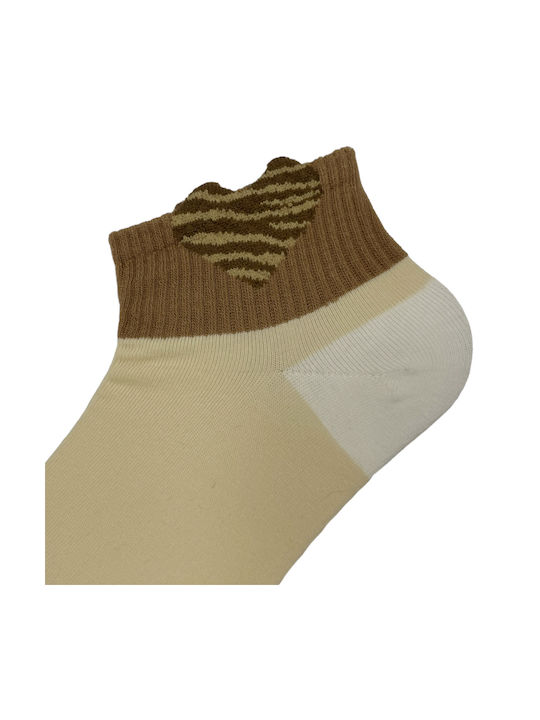 BIGMOUTH Women's Beige Socks -CP231-3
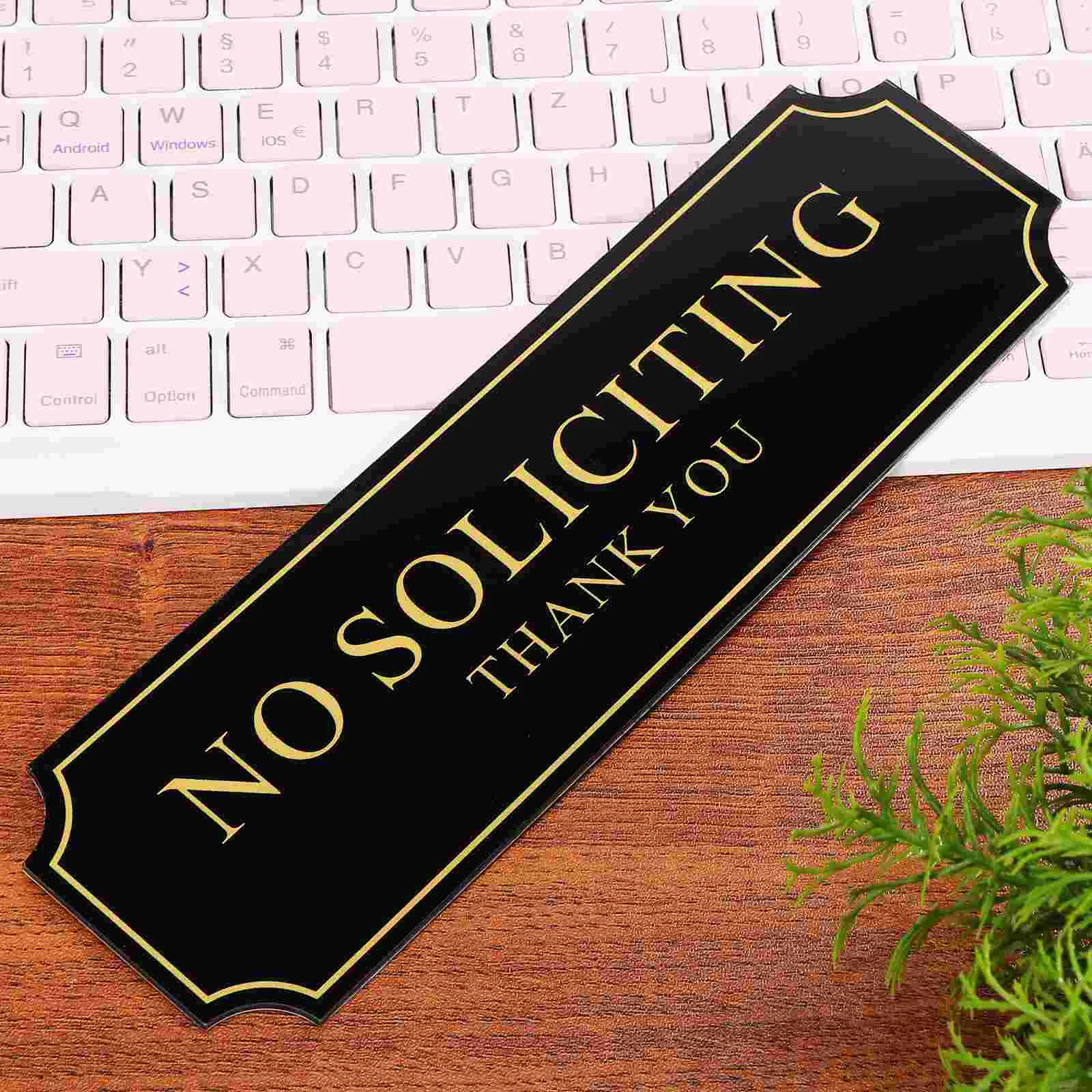 No Promotional Signs Solicitation Front Door Acrylic Soliciting for House Funny Political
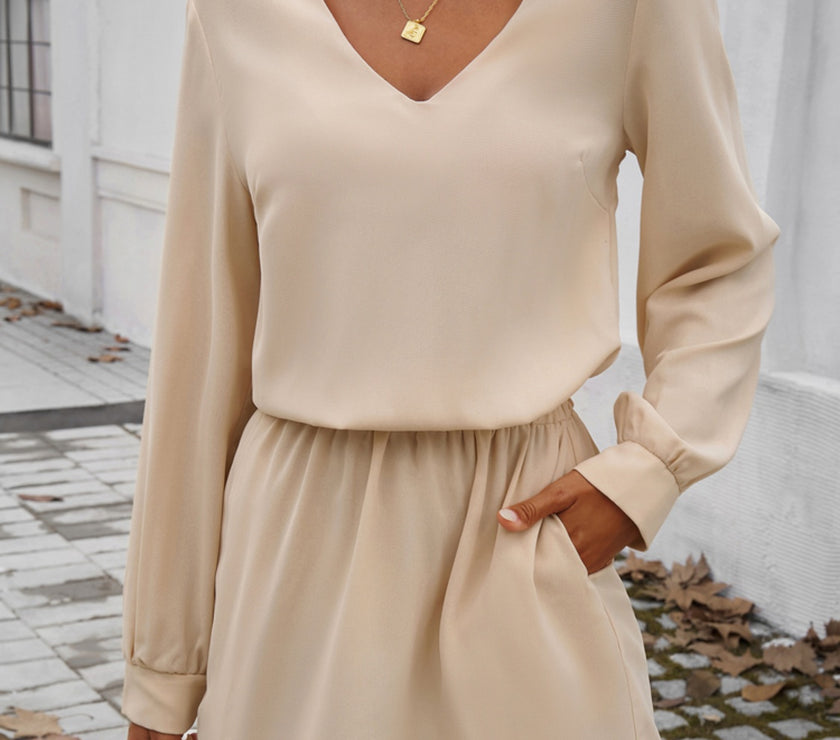 Devine Cutout V-Neck Long Sleeve Mini Dress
☆ ☆ ☆ ☆
▸ Problem to solve
Set down all the material exactly once more. No pictures.

▸ Result
 BIGMOUTH Women's Beige Socks -CP231-3
 No Promotional Signs Solicitation Front Door Acrylic Soliciting for House Funny Political
 Devine Cutout V-Neck Long Sleeve Mini Dress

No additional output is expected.